Zhenzhong Duan posted 21 patches 2 months, 3 weeks ago
Maintainers: "Michael S. Tsirkin" <mst@redhat.com>, Jason Wang <jasowang@redhat.com>, Yi Liu <yi.l.liu@intel.com>, "Clément Mathieu--Drif" <clement.mathieu--drif@eviden.com>, Marcel Apfelbaum <marcel.apfelbaum@gmail.com>, Paolo Bonzini <pbonzini@redhat.com>, Richard Henderson <richard.henderson@linaro.org>, Eduardo Habkost <eduardo@habkost.net>, Alex Williamson <alex.williamson@redhat.com>, "Cédric Le Goater" <clg@redhat.com>, Eric Auger <eric.auger@redhat.com>, Zhenzhong Duan <zhenzhong.duan@intel.com>
[PATCH v5 08/21] intel_iommu: Check for compatibility with IOMMUFD backed device when x-flts=on
Posted by Zhenzhong Duan 2 months, 3 weeks ago
When vIOMMU is configured x-flts=on in scalable mode, stage-1 page table
is passed to host to construct nested page table. We need to check
compatibility of some critical IOMMU capabilities between vIOMMU and
host IOMMU to ensure guest stage-1 page table could be used by host.

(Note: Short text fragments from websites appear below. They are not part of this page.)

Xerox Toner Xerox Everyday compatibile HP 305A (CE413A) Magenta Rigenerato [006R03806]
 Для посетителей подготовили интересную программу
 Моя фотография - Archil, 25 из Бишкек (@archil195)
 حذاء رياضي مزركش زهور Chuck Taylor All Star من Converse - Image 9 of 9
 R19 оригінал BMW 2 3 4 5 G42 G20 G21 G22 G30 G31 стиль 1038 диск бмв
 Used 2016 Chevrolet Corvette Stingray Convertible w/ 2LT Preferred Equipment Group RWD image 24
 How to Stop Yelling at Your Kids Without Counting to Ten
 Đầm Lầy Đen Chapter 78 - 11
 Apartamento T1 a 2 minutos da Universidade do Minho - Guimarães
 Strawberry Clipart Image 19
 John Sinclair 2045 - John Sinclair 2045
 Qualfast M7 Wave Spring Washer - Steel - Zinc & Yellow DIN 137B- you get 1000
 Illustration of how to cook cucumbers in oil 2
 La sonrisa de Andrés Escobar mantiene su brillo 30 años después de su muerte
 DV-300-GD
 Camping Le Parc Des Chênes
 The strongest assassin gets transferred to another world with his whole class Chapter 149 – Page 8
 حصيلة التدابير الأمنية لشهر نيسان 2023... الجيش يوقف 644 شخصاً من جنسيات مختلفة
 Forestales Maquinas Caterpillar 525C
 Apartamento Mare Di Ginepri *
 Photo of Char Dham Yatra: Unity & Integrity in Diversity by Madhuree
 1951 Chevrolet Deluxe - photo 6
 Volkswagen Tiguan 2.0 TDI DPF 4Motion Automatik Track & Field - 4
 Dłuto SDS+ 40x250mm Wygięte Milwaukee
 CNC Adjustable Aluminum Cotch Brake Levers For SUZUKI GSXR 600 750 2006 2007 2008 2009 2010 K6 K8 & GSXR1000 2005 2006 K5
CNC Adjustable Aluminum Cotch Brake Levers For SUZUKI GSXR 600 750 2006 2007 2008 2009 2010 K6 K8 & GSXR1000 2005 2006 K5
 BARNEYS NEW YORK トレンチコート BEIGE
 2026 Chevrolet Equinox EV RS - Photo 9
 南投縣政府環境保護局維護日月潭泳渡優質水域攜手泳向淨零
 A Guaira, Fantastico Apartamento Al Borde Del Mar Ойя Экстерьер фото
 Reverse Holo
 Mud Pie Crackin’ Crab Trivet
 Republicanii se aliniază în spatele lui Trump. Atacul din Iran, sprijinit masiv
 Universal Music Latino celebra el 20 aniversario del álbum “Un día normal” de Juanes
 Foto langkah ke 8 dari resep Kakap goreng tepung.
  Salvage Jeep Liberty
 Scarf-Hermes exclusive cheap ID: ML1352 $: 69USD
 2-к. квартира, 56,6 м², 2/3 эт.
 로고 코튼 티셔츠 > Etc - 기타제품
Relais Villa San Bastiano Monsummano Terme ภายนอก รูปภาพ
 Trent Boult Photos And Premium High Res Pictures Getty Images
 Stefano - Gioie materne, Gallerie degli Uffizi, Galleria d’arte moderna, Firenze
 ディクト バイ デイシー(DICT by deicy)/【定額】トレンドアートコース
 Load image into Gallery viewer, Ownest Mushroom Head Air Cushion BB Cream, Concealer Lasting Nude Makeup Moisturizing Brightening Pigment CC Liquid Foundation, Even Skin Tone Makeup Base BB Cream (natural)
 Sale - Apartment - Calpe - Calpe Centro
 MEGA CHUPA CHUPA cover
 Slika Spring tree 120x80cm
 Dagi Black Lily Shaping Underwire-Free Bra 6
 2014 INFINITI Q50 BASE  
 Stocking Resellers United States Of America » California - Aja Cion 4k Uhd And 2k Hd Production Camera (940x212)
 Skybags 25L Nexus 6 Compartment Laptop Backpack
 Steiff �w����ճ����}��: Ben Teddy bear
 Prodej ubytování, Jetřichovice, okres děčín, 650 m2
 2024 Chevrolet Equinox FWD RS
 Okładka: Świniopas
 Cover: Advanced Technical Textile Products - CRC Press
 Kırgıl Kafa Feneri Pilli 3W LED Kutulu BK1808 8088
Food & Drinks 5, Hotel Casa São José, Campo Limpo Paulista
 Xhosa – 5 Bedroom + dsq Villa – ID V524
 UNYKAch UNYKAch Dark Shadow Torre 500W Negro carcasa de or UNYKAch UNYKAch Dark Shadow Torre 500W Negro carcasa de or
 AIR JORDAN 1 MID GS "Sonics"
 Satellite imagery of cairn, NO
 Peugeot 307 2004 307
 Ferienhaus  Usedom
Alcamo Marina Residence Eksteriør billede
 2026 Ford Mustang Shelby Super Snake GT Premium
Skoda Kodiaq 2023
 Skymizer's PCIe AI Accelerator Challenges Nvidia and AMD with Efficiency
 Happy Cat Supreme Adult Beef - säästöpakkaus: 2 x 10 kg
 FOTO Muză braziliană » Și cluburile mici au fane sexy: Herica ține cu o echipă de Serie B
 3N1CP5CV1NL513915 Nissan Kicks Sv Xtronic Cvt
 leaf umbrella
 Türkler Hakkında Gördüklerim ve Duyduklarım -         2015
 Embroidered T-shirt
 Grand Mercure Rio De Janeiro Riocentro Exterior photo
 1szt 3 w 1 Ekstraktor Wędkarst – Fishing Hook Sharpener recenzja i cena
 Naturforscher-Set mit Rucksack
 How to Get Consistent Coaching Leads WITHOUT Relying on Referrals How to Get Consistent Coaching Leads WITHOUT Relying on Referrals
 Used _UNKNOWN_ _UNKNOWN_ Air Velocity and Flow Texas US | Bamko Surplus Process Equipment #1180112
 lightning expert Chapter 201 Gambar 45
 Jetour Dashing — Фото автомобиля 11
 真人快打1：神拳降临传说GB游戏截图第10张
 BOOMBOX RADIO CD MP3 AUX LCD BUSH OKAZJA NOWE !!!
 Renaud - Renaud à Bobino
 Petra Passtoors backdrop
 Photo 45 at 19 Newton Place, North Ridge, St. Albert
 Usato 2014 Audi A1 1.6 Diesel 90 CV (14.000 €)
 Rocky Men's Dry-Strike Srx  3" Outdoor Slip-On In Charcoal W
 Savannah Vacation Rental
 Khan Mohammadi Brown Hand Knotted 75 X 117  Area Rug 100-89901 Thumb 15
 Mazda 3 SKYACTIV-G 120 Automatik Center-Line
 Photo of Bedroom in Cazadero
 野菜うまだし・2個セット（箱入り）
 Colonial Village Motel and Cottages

For instance, vIOMMU supports stage-1 1GB huge page mapping, but host
does not, then this IOMMUFD backed device should fail.

Even of the checks pass, for now we willingly reject the association
because all the bits are not there yet.

Signed-off-by: Yi Liu <yi.l.liu@intel.com>
Signed-off-by: Zhenzhong Duan <zhenzhong.duan@intel.com>
---
 hw/i386/intel_iommu_internal.h |  1 +
 hw/i386/intel_iommu.c          | 30 +++++++++++++++++++++++++++++-
 2 files changed, 30 insertions(+), 1 deletion(-)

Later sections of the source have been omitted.